1: Chapter 1: Setting The Stage- Deloitte AI Scandal 135
In December 2024, the Australian government paid Deloitte $290,000 for a report that appeared complete and professionally written but contained fabricated material throughout. Several citations referred to sources that do not exist, some quotations were attributed to judges who never made them, and multiple references pointed to academic work that cannot be found in any database. The content was generated using GPT-4o and delivered to the client without these issues being identified during internal review. The problems were later discovered by a university researcher after the report had already been submitted, which led Deloitte to issue a corrected version and return the final payment.
The failure originates from how current systems handle data-to-text generation.
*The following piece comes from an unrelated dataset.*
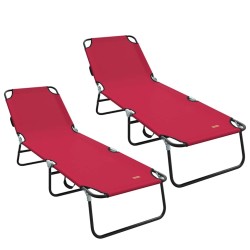 Chaise longue pliante 2 pcs Rouge 188 x 57 x 86,5 cm Polyester 523305523305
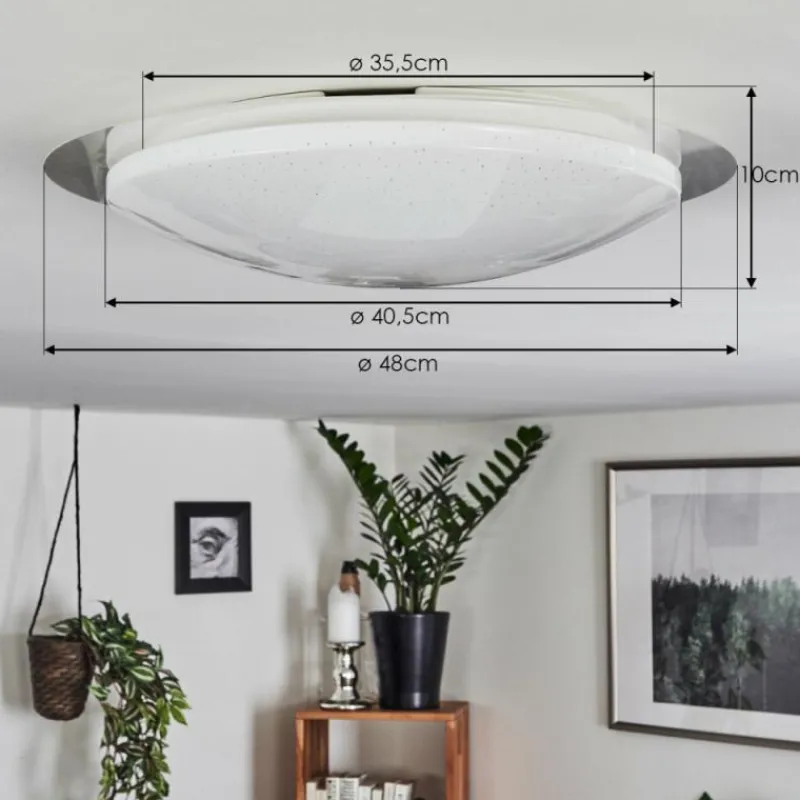 hofstein Plafonnier Rosenga LED Blanc, 1 lumière, Télécommandes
A single prompt is expected to read structured data, compute derived values, apply classification logic, organize content, and produce readable prose while preserving exact numerical and factual accuracy. These steps require different forms of reasoning, yet they are executed inside one probabilistic generation process without separation or verification between them. The result is text that is coherent at the surface level but unreliable when examined against the underlying data.
This becomes a scaling problem rather than a one-off mistake. When document production relies on this approach, teams must allocate time to verify outputs, reconcile inconsistencies, and correct numerical or factual errors. As volume increases, the cost of review grows in proportion, often offsetting the time saved during generation. Attempts to improve reliability by adding more prompts or introducing agent-based workflows tend to increase repetition of the same operations without establishing a stable mechanism for verification.
The approach presented in this series replaces that structure with a defined pipeline in which data processing, classification, generation, and validation are separated into distinct stages. Each stage has a fixed role, and outputs from earlier stages are treated as immutable inputs for later ones. The model is limited to producing language from already verified inputs rather than participating in computation or decision-making about the data itself.